How are liberal values such as gender equality and gay rights put into the service of a globally ascending neo-nationalism? This panel brings together ethnographers studying the frictions and entanglements between liberalism, neo-nationalism, and sexuality from the far right to queer activism.

Long Abstract:

The era of post-Fordist liberalism has met fierce opposition in the rise of authoritarian far-right neo-nationalisms. While liberal values such as gender equality, multiculturalism, and gay rights continue to proliferate in the institutions of Europe, so too do their adversaries: anti-feminism, Islamophobia, and heterosexism. However, we're not confronted with a clear divide between liberals and anti-liberals, but rather with a tangled ideological web in which globalizing gender equality and gay rights are put into the service of likewise globalizing anti-Muslim discourses and projects.

Interdisciplinary work on homo- and femonationalism has demonstrated how the idea of "European values" has helped generate the figure of "the Muslim" as the fundamental "Other" of Europe. It is the strength of ethnography to complicate and disentangle such historical conjunctures through close attention to everyday practices and lives lived adjacently to the realm of formal politics. Political ethnographies attuned to recent theoretical developments in feminist and queer theory, on the one hand, and interdisciplinary investigations of racializations and nation-state formations, on the other, have begun to reveal the contours and dimensions of this tangled web of surprising coalitions, novel assemblages and (re)invented traditions.

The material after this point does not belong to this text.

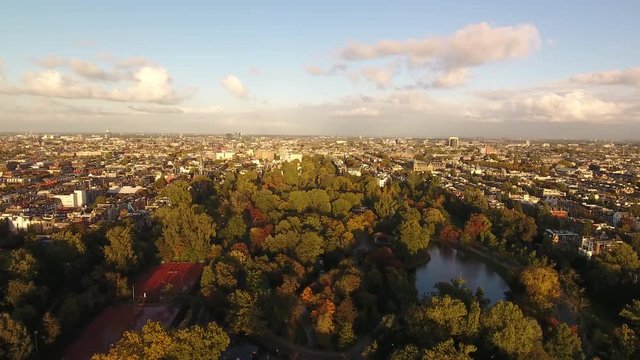 Aerial flying over Vondelpark in Amsterdam, with a great view over the city at golden hour.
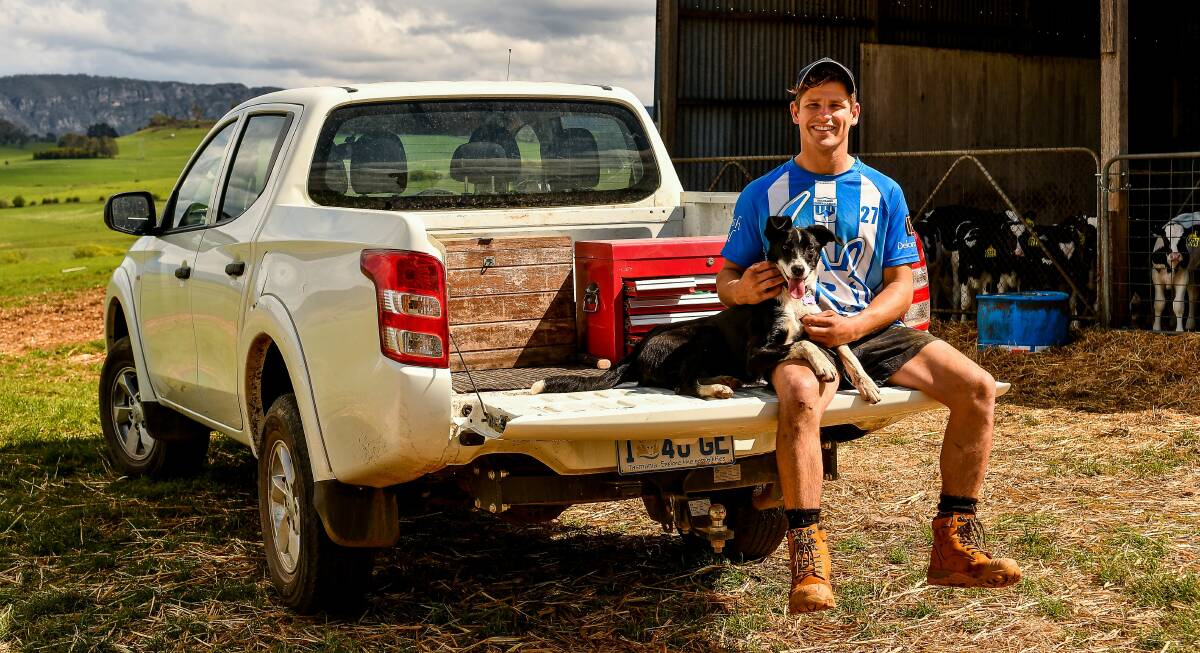 MY PATCH: Lochie Dornauf gets comfortable on the back of his ute with his dog. Pictures: Scott Gelston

We are looking to include ethnographically informed contributions focusing on the everyday politics of sexual democracy and sexual nationalisms. Bringing together ethnographers working at differentangles of this ideological field - from far-right parties to queer grassroots activism - this panel aims at challenging and updating our theoretical vocabularies on the intersectionality of neo-nationalism, racism, and the far right.